For monitoring data to be useful to patients, Dr Pegus said, they must understand how to interpret it and apply it to their own care. This is a tall order, considering that an estimated 90 million Americans have poor health literacy and that health information is so complex, she noted.

Dr Pegus suggested that the monitoring data might be sent to private companies that could use algorithms to analyze it and add context by having a two-way connection with EHRs. Then these firms could feed back clear, comprehensible information to patients, along with recommendations on how to apply it to their healthcare.

Dr Topol took up this thread, hypothesizing that someday there might be a "virtual medical assistant," analogous to the iPhone's Siri, that could perform this task.

An "avatar" such as the one Dr Topol envisioned could help patients with simple stuff, Dr Pegus said. "But when the analysis gets to a certain point in the algorithm, humans must be involved."

Later, a nonphysician member of the audience asked, "Why don't we just upload our data and do our own analyses with the help of algorithms?" The questioner suggested that perhaps the paternalism of physicians was to blame.

Dr Teirstein admitted that some doctors are paternalistic and said that needs to change.

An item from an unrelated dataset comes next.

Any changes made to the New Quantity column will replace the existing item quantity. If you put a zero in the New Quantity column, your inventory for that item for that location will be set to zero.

However, he stated, "There will still be a need for doctors to interpret the data and to guide patients when they have horrible diagnoses."

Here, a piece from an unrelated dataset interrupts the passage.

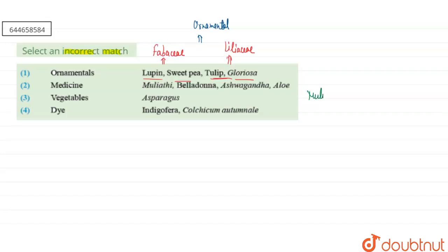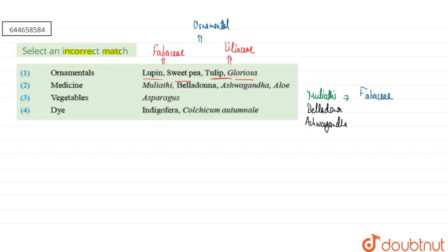For the second option — medicine. Mulethi belongs to the Fabaceae family. Belladonna and Ashwagandha both belong to the family Solanaceae — they are examples of the Solanaceae family and are utilized as medicine. Aloe belongs to the family Liliaceae and is also an example of a medicinal plant. So the second match is correct.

Dr Topol noted that there are already "citizen doctors" who do much of their own diagnoses, and Dr Pegus said, "I think that will happen and be accepted." But she estimated that only about 25% of patients would be interested and able to do this.

Doctor-Patient Relationship

The panelists also discussed how all of this might affect the doctor-patient relationship. Dr Pegus noted that many patients already have a fair amount of input through patient portals, which she sees as empowering them to ask questions they might not otherwise ask. "For a lot of patients, this has reinforced their relationship with their doctor," she said. It also helps them better understand what their doctor told them during their last office visit.

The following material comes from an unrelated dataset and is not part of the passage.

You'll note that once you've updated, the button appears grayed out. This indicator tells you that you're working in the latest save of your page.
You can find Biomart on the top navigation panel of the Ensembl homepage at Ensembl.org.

Other trends, however, are driving a wedge between physicians and patients, the panelists said. Dr Topol noted that the average length of a primary care visit is under 10 minutes, and patients may have to wait a few weeks for an appointment. Not surprisingly, he said, self-care is "zooming" and many patients are going to alternative medicine practitioners. The rapid increase of video visits to on-demand doctors is another indication that consumers have more choices than they used to, added Dr Pegus. "The smorgasbord of how you receive your healthcare is growing."

One physician in the audience said he was dismayed that technology is taking precedence over the "empathy" that doctors show for their patients. Dr Teirstein disputed the idea that technology destroys empathy. "Data can help, but there are areas where doctors need to be involved, and patients want that," he said.

Dr Topol gave an example of how technology can draw patients and physicians together, rather than driving them apart. He said he was recently performing cardiac ultrasounds on patients with a portable ultrasound unit in his clinic. He invited the patients to look at the images and explained what they meant. Patients were more engaged, he noted, than they would have been if he had sent them to an outside lab or an imaging center.

Patient autonomy is a matter of a "copiloting" care with doctors, he concluded. "If you're sick, you need that empathy from the doctor." But technology need not get in the way.